Using biochemical and biophysical techniques, high-resolution microscopy, and neuronal-based assays, the team demonstrated that when tubulin levels are adequate, Tau and alpha-synuclein within condensates shift away from forming toxic aggregates and instead promote the assembly of healthy microtubules. The proteins still concentrate in droplets. They still interact with each other.

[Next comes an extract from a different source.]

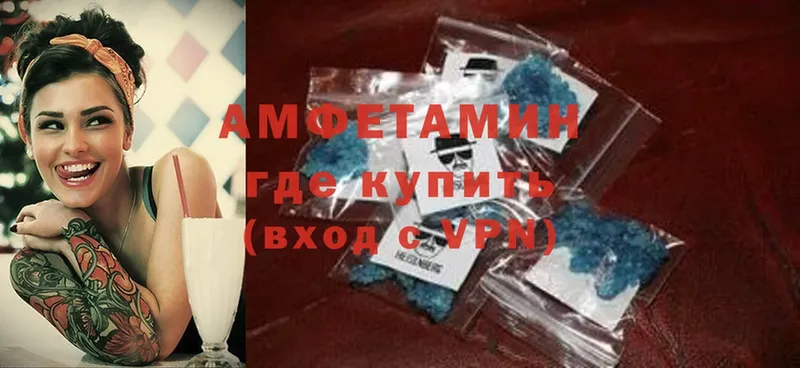 Amphetamine 97%  Курск 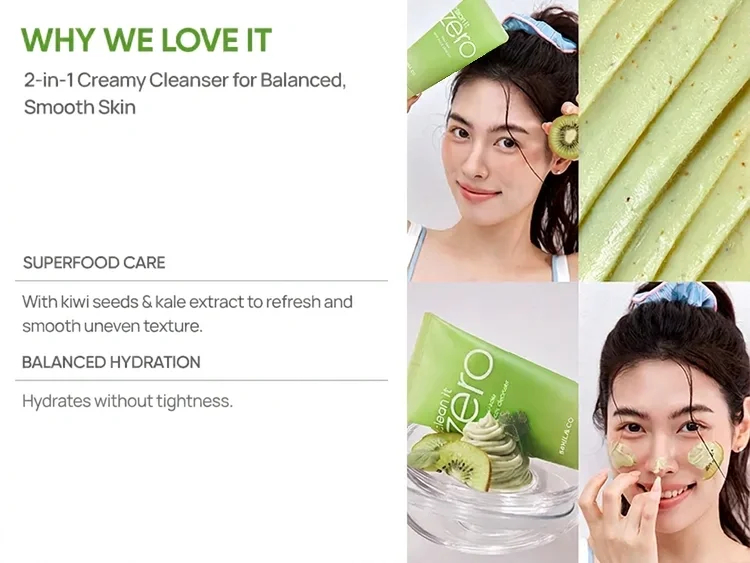BANILA CO Clean It Zero Kiwi Kale Pore Pack Cleanser 6.35 oz.(180g) detail 3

But the presence of tubulin changes what they do inside those droplets.

Conversely, when tubulin levels are low -- as has been documented in Alzheimer's disease -- microtubules are less abundant, and the proteins default to their aggregation-prone behavior. The team's data suggest that tubulin availability may function as a kind of molecular switch, tipping the balance between healthy microtubule assembly and pathological clumping.

Reframing tubulin's role in neurodegeneration

"Our findings significantly shift tubulin's role in neurodegeneration, from a passive casualty of disease to an active protector against toxic protein aggregation," Ferreon said. "Boosting the tubulin pool, rather than blocking droplet formation, can curb toxic aggregation while preserving the healthy roles of Tau and alpha synuclein, offering a potential selective therapeutic strategy."

This reframing is noteworthy because most therapeutic approaches to neurodegenerative protein aggregation focus on either preventing the proteins from interacting (which risks disrupting normal function) or clearing the aggregates after they form (which has proven difficult in clinical trials). A strategy that keeps the proteins active but redirects their behavior is conceptually different from either approach.

Laboratory findings, clinical distance

The experiments were conducted using purified proteins, cellular assays, and neuronal models -- not in living animals with neurodegenerative disease. Whether boosting tubulin levels in an aging human brain is feasible, safe, and sufficient to prevent or reverse aggregation remains entirely undemonstrated. Tubulin is not a drug; it is a structural protein that the body produces on its own, and artificially increasing its concentration in specific brain regions presents delivery challenges that the current study does not address.

The work also focused on Tau and alpha-synuclein in isolation and in combination. In actual Alzheimer's and Parkinson's disease, the biochemical environment is far more complex, involving inflammation, oxidative stress, impaired protein clearance systems, and genetic factors that vary from patient to patient.

Still, the finding that tubulin can competitively redirect these proteins within their native condensate environment opens a new angle on therapeutic strategy -- one that works with the biology rather than against it.

The study was supported by NINDS-NIH grant R01 NS105874, Welch Foundation grant Q-2097-20220331, and NIGMS-NIH grant R01 GM122763. Additional contributors include co-first author Phoebe S. Tsoi, My Diem Quan, Kyoung-Jae Choi, and co-corresponding author Josephine C. Ferreon.